This a great point and we totally agree with you! The experimental studies have suggested that MEC receives self-motion cue and is primarily responsible for path-integration, while HPC primarilly receives environment cues (e.g., Chen et al., 2019); and they have intensive reciprocal connections. In this study, for simplicity, we focused on the path-intgeration function by MEC only and largely ignored the feedfack from HPC. As suggested by the reviewer, we should discuss about this issue.

Meanwhile, we would like to point out that in the current model, we actually implicitly incorporated some feedback interaction from HPC, that is, at the first time step of each path‐integration trial, the RNN receives an input from the place‐cell population activity, which serves to initialize the RNN state before the velocity‐driven integration (a common operation used in training RNN for path integration, see, e.g., Banino et al., 2018) . This initialization may be regarded as mimicking the hippocampal → entorhinal feedback required to anchor the path‐integration estimate to a visual object. We will discuss more about this point in the revised manuscript.

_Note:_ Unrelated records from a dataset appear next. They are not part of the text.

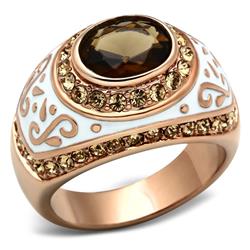 Picture of Alamode GL203-5 IP Rose Gold Ion Plating Brass Ring with Synthetic Glass, Brown - Size 5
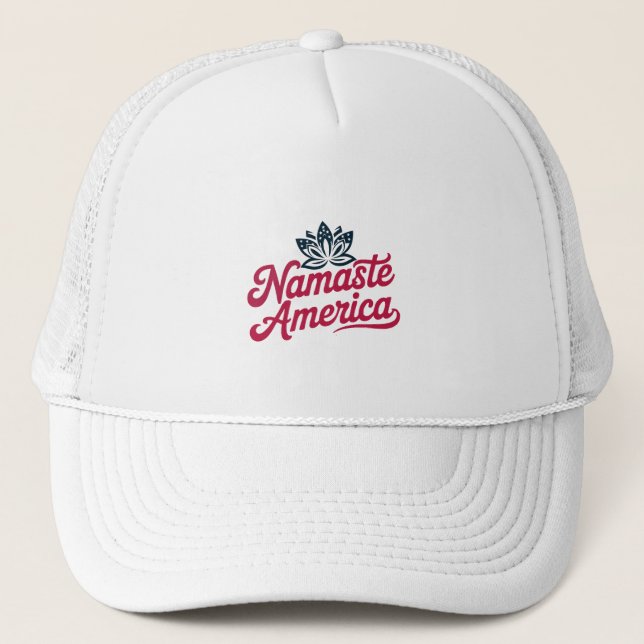 Gorra De Camionero Namaste America Yoga Patriótico (Anverso)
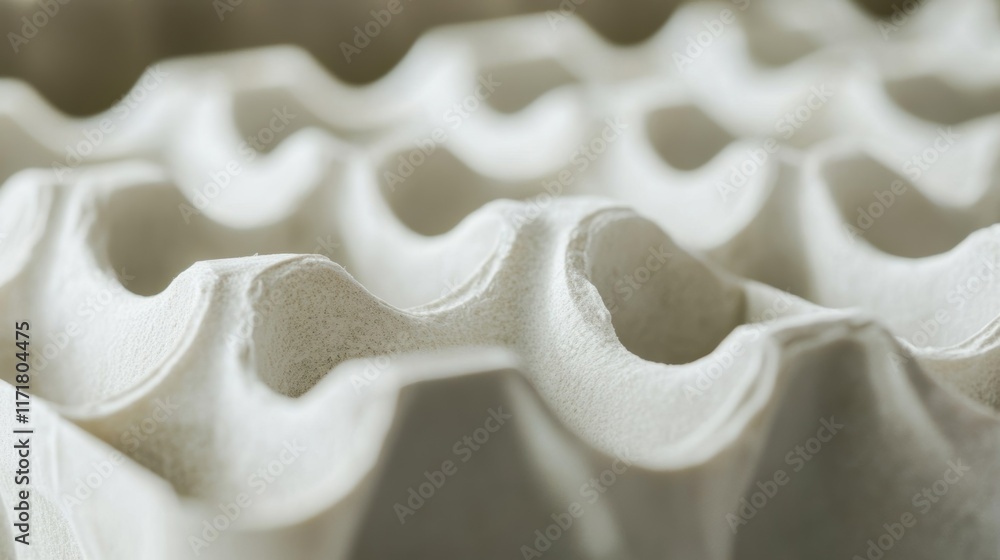Poster close up view of an empty egg carton, highlighting the conical shapes designed to protect eggs, crea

We hope we have addressed your concerns and please let us know if there is anything unclear.

2025-08-04

Thank you for your detailed response. I don't have any further questions regarding points other than 2 and 3.

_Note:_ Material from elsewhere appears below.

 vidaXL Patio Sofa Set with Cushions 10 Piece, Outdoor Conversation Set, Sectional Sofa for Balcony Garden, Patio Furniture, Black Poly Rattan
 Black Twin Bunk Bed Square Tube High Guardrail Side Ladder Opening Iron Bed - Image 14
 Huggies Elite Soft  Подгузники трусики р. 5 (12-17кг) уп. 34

Regarding point 2: The current solution of using pruning to unfold the black box is acceptable as a pragmatic choice for understanding the RNN in the context of path integration. However, I’d still like to emphasize that pruning the connection matrix during test time effectively changes the eigenspectrum of the connectivity matrix, which can introduce many unpredictable effects—since the network never learns to re-stabilize its dynamics after the connections are pruned.

One additional test that could strengthen your argument would be to include a baseline in the experiments from Figure 2. Specifically, for each pruning condition, you could also prune connections selected from random groups. This would provide a useful baseline to assess the relative importance of your specific pruning choices.

Regarding point 3: Could you please clarify what you meant by “Actually, we found that our results hold for almost all network models, once they are trained for path integration”? To my understanding, not all path integration networks develop such grid-like representations. The reason I ask is that, based on your supplemental materials, it seems you're also using the difference in softmax place cell readouts. At line 99, you mention that the network is trained with cross-entropy loss. In that case, the difference-of-softmax approach is not fundamentally different from the earlier difference-of-Gaussian setup. So if your claim that the results hold for “almost all network models” refers to models within the same family, those that rely on the difference-of-Gaussian/softmax with cross-entropy loss, then the generality of the claim may be limited.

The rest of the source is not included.